Please reproduce exactly, and only, the lines from the one with "DELTONA LAKES UNIT 16" through the last line of the listing below, both ends included, leaving out the pictures.

---------- Data section

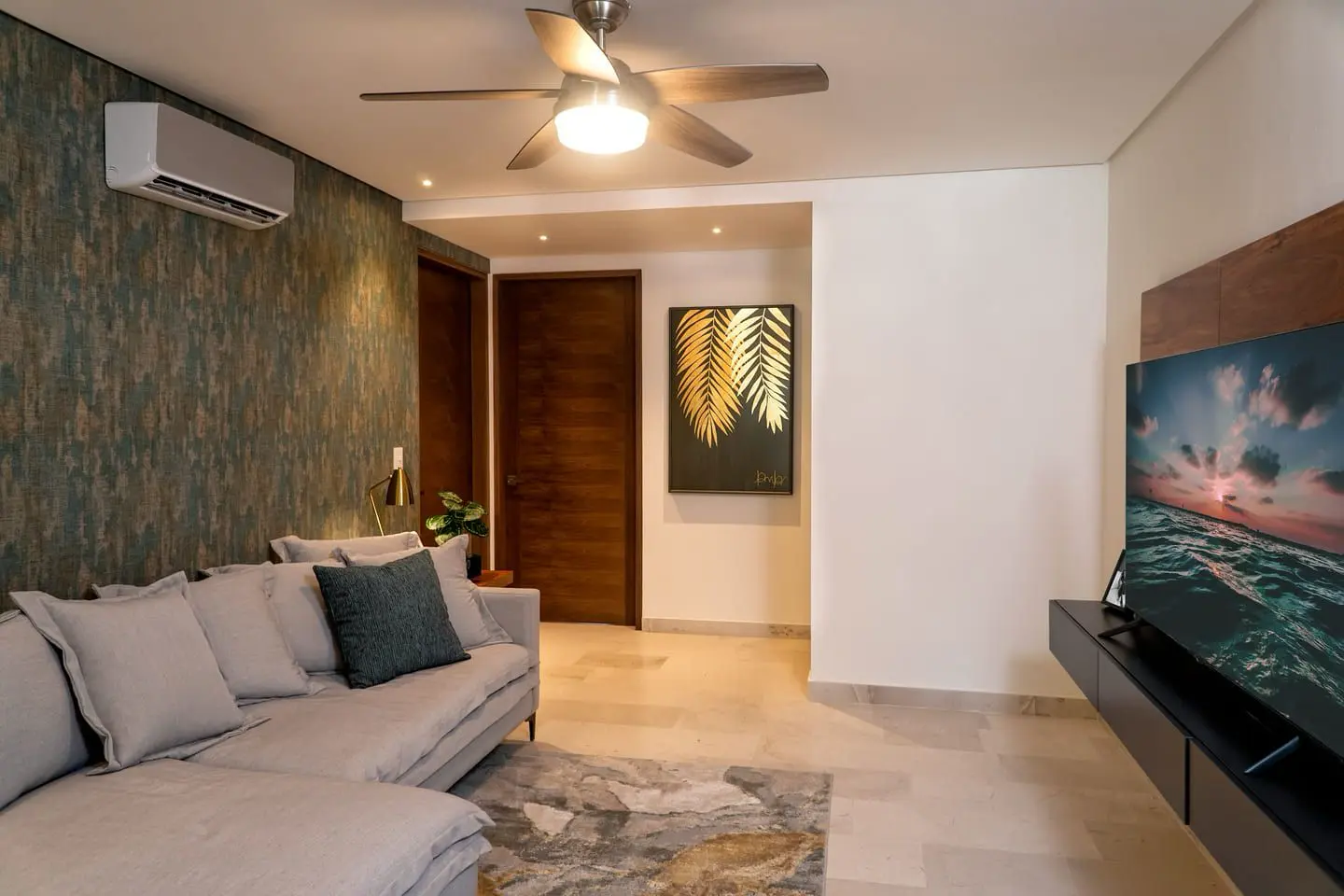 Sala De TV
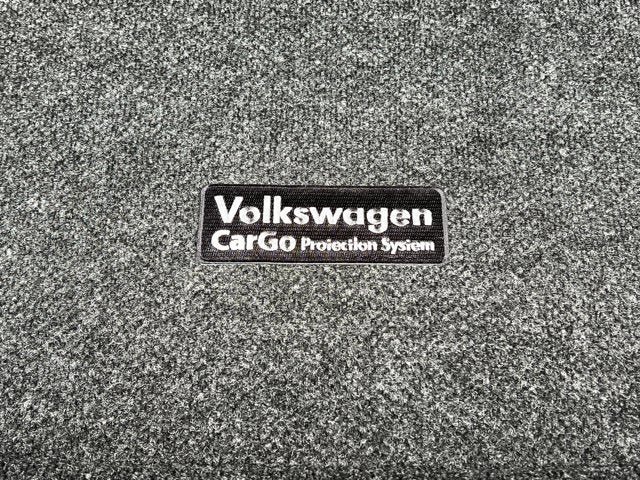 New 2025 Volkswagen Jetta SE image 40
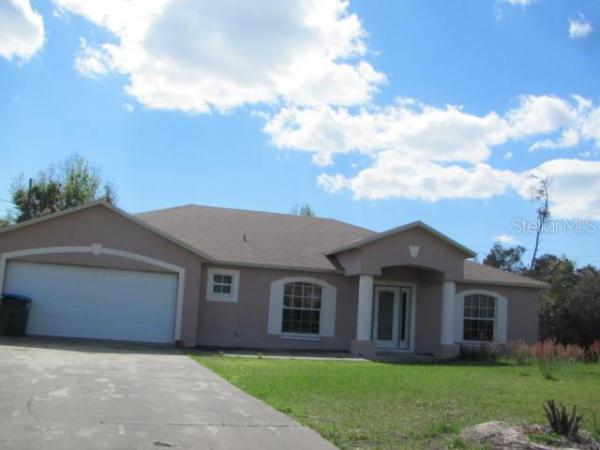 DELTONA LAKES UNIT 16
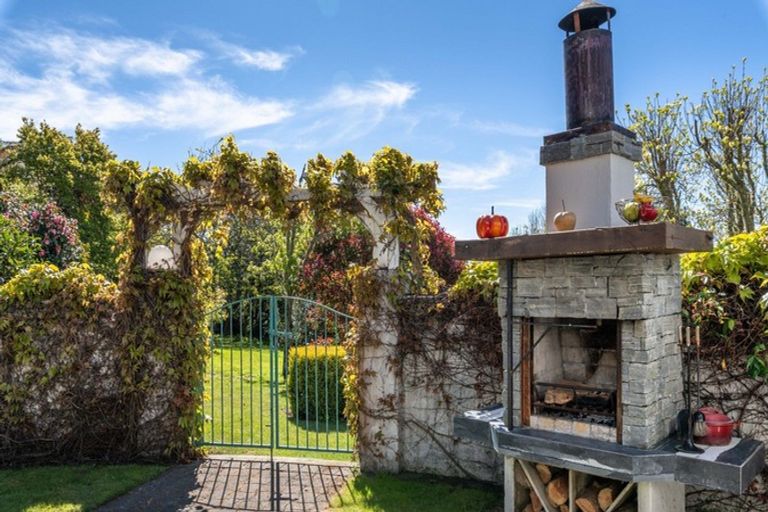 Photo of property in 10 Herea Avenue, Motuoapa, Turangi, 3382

--------------------

* _Task output_:
 DELTONA LAKES UNIT 16
 Photo of property in 10 Herea Avenue, Motuoapa, Turangi, 3382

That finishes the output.